The other day I was talking with a friend of mine and somehow we got on the topic of cursive handwriting. I mentioned how I could never remember how to make a cursive Z or Q, so I just printed them and attached them to the rest of the word. She surprised me by replying that she found she couldn’t write quickly in cursive, and so had to make notes in print, because she didn’t learn cursive until she was in middle-school. I wondered at this, and then wrote down the whole capital cursive alphabet and stared at it. Writing that way comes so naturally to me, and I tried imagining what it would be like not to have it come naturally. After a few minutes the loops and whorls and curls of what I had just written became alien to me. How had I created these foreign shapes? How do we make sense of them? How did we actually manage to fit them together to make words?
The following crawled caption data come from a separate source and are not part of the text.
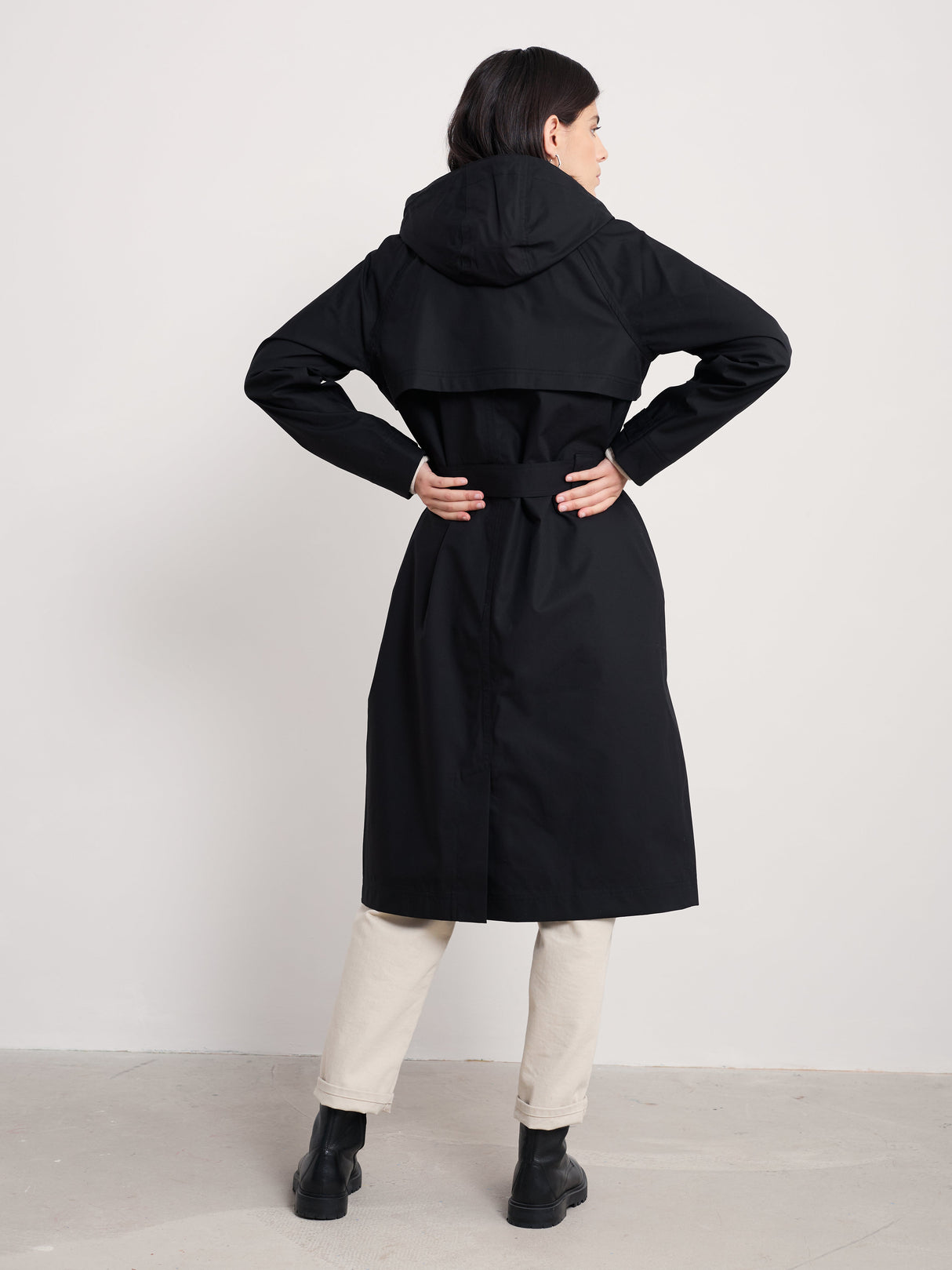 Seasalt Penweathers Trench Coat - Black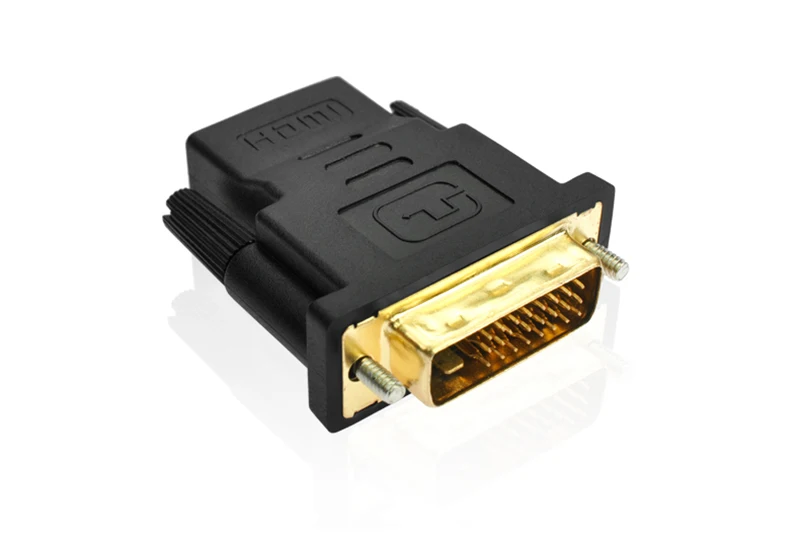 AMKLE 24+ 1 Pin DVI к HDMI адаптер позолоченный dvi-адаптер к женскому преобразователь видеосигнала HDMI 1080P для PS3 проектор HDTV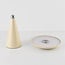 Rechargeable wall lamp Ariso in cream, touch dimmer and adjustable colour
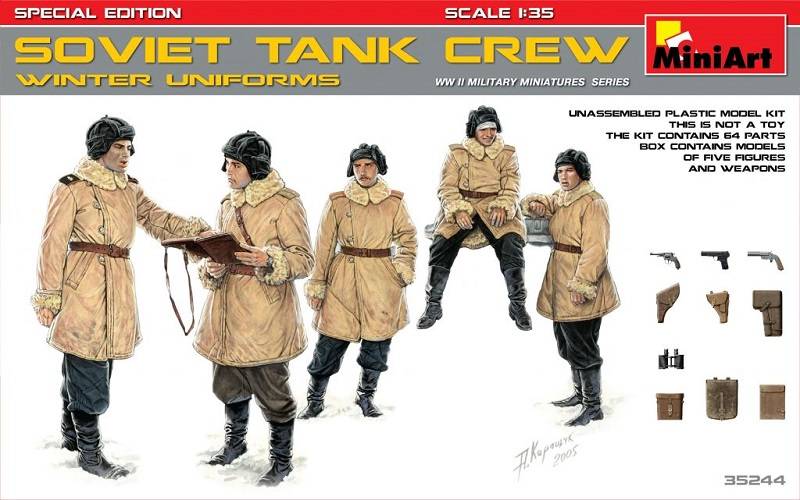 SOVIET TANK CREW (WINTER UNIFORMS) SPECIAL EDITION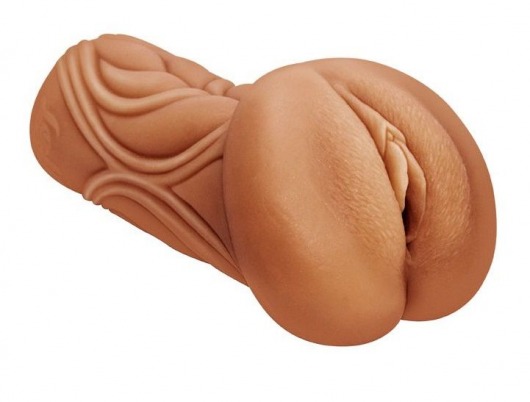 Кофейный мастурбатор-вагина Dumpling - Lola Games - в Батайске купить с доставкой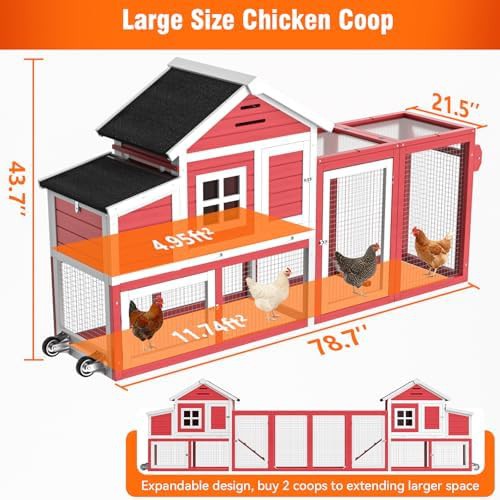 Mobile chicken coop with integrated wheels — photo 5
I had the feeling of the familiar become momentarily foreign combined with the difficulty of imagining not having a skill that I take for granted. I never had to think about cursive: ever since second-grade I was able to do joined-up writing. Since then, as long as I can remember, I’ve used cursive, only printing on rare occasions. It made me wonder, how many things do we take for granted that others may not have experienced or cannot experience?

Mainly, though, it was simply a moment of amazement, awe, and appreciation for life’s many oddities. I love those times when I become a child again, and am content to marvel at the world, whether or not I can comprehend it.